I find it interesting to see that the analyze portion of the code is only a few tens of lines long. I’ve always read that ironbee was made to be easily portable and I think this is a proof of this statement.
It also shows that the internal API of haproxy 1.6/1.7 is much more suited to run such analysis than what we used to have previously, it may open the way to other future analysis.
I suspect that once we merge Christopher’s filters, the code could be easily ported to use them without requiring any http-request rule and could be a good validation of the model (just for experimental purposes as well).
Regarding the header parser, you could simplify it by calling http_find_full_header2(0, 0, txn->req.chn->buf->p, idx, ctx)
, it will iteratively return each header with the name in ctx->val, the name length in ctx->del
, the start of the header’s value in ctx->val
and the value’s length in ctx->vlen
. That’s apparently 22 lines which can be removed.
Regarding the accesses to /dev/random, it’s possible that some initialization code needs to be called the first time before the chroot/fork. We’ve seen this in other libs as well, they needed some random and were causing an open of /dev/random or /dev/urandom during the first call.
Out of curiosity, have you checked memory usage and performance impact ?

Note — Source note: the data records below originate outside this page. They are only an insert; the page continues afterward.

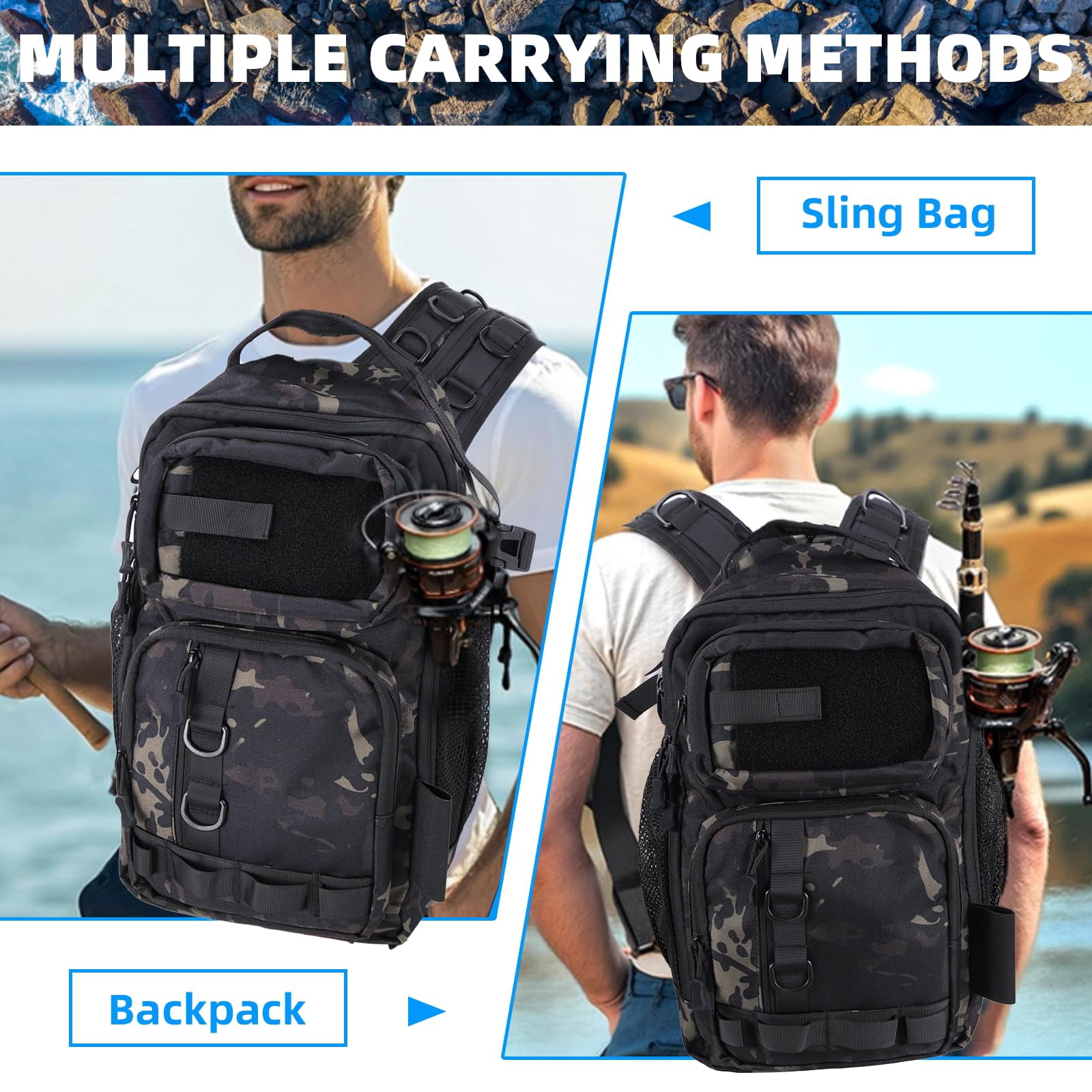 103pcs Fishing Tackle Bag  Gear For Men Adults Camouflage Backpack With Rod Holder Box Waterproof Sling Storage Bags & Wraps Camping Hiking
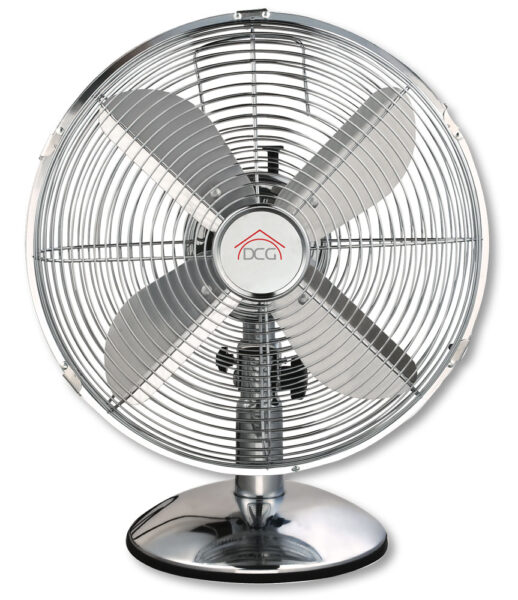 Ventilatore da tavolo 30 cm in metallo cromato 3 velocit&agrave; 35W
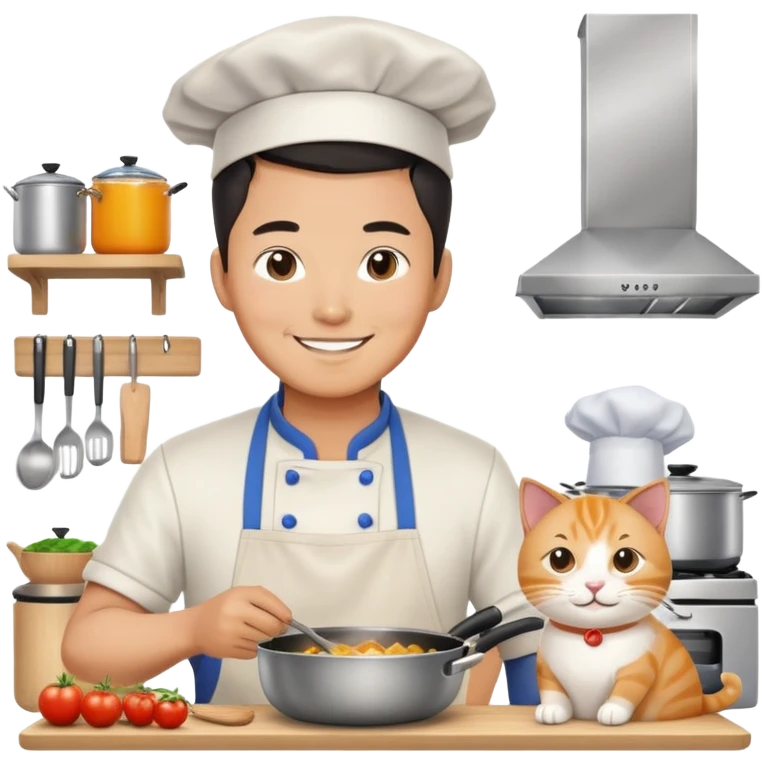 Asian man cooking cat emoji
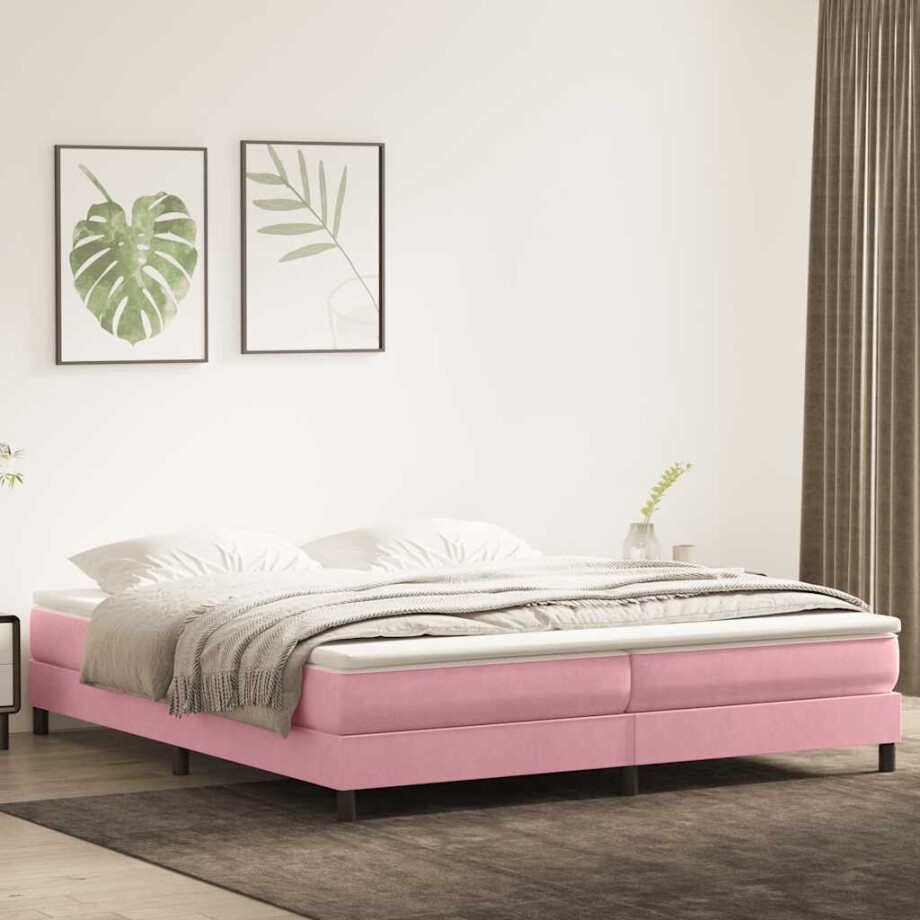 vidaXL Boxspring met matras fluweel roze 180x210 cm vidaXL Boxspring met matras fluweel roze 180x210 cm afbeelding 1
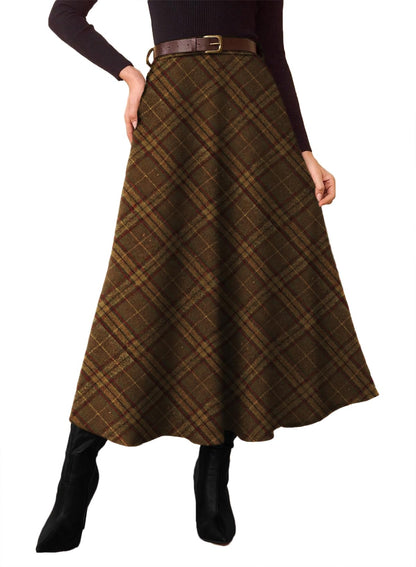 Women's Plaid Skirts - High Waist A-Line Midi Tartan Skirt with Pockets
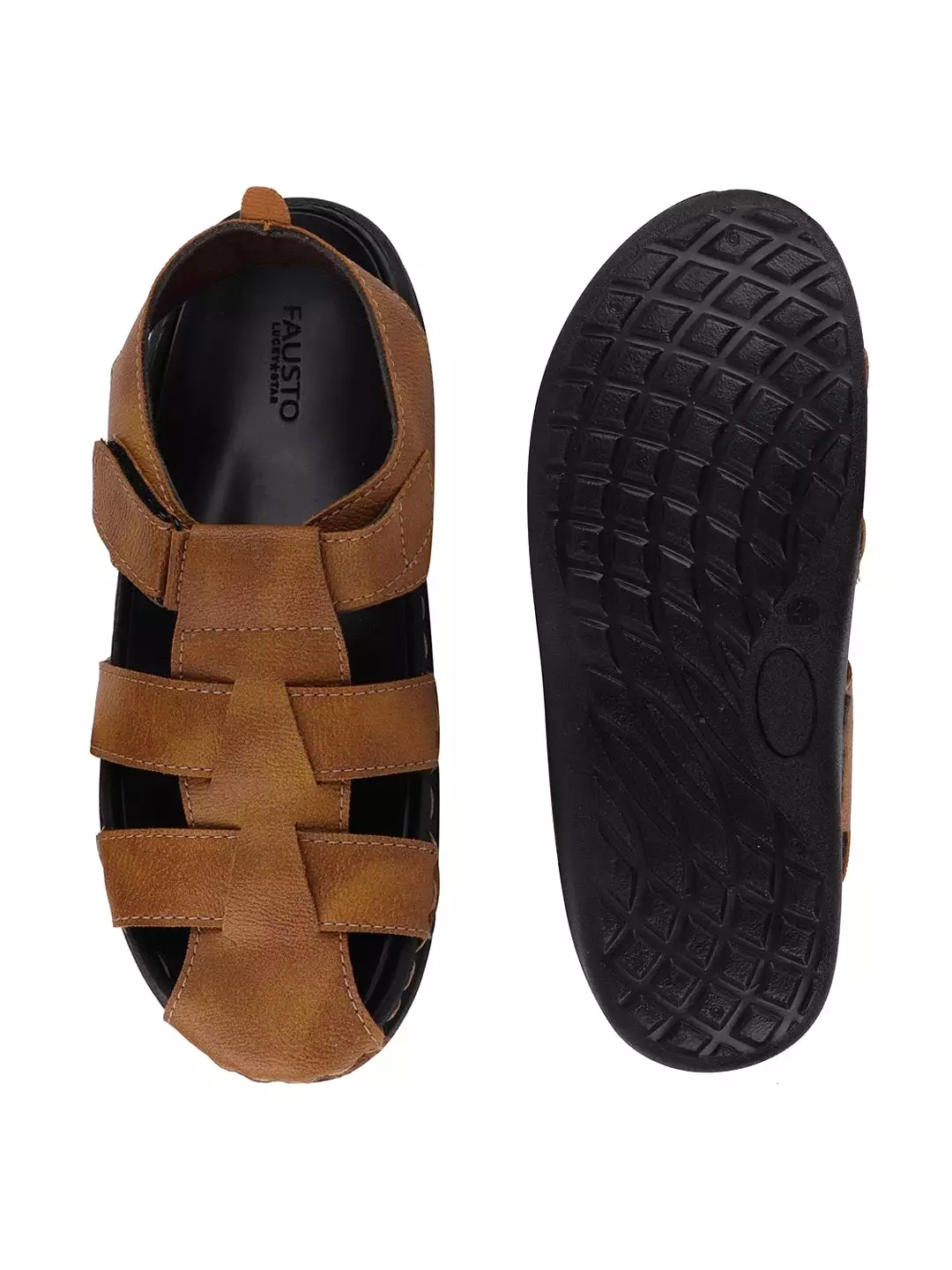 Men Tan Casual Hook & Loop Fishermen Sandals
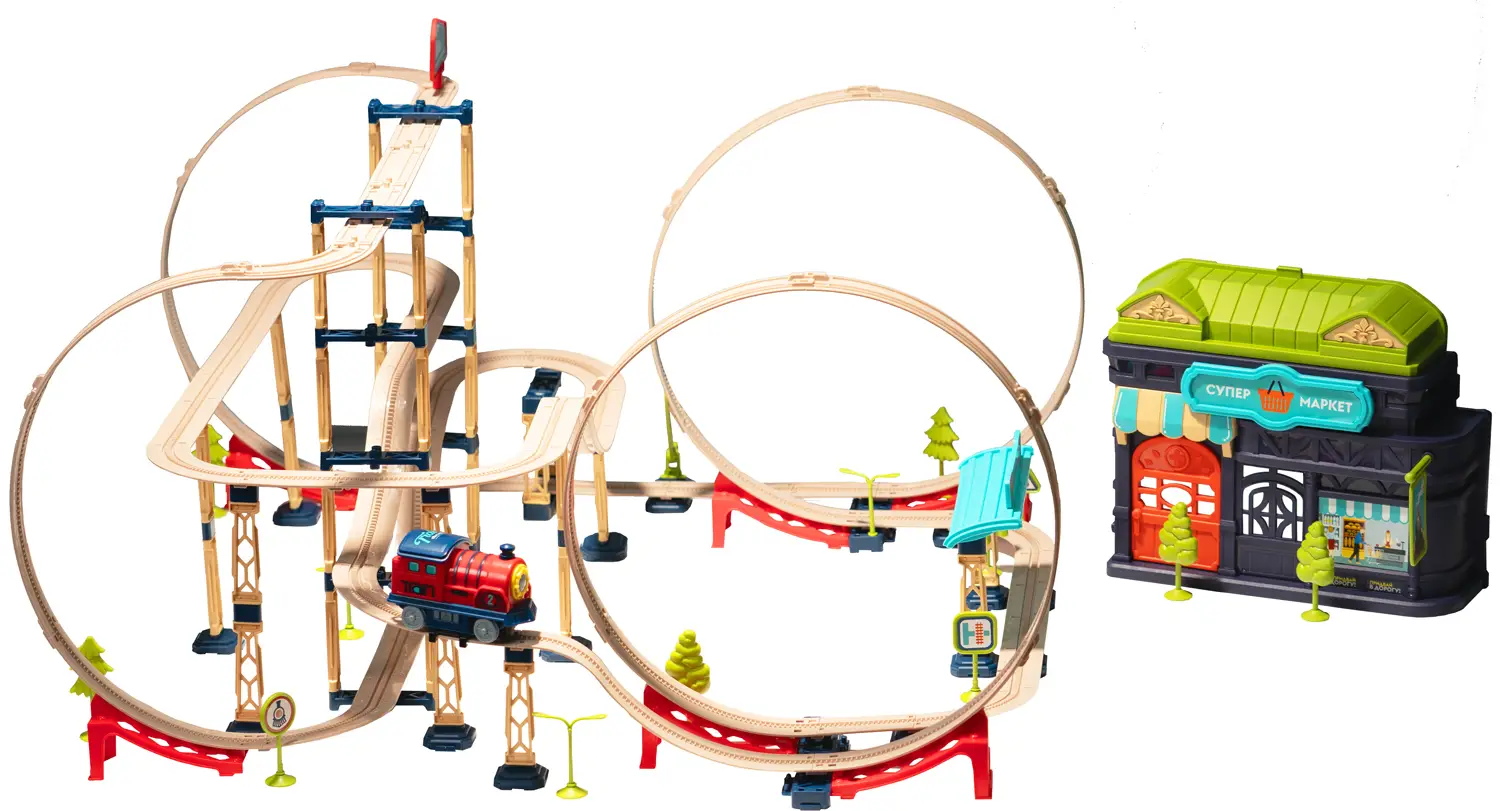 Игровой набор OTAMANKO ХРАБРЫЙ ПАРОВОЗИК трюковая железная дорога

I think this code could serve as a nice example to show how to contribute code adding support for various libs (device identification, waf, url filters, etc). I’m not sure it would make sense to merge it in mainline considering there is little to no demand for a waf in haproxy (and we’ve even heard a few people congratulate us for not wasting resources on such features), but it depends on what people think about it and how it performs.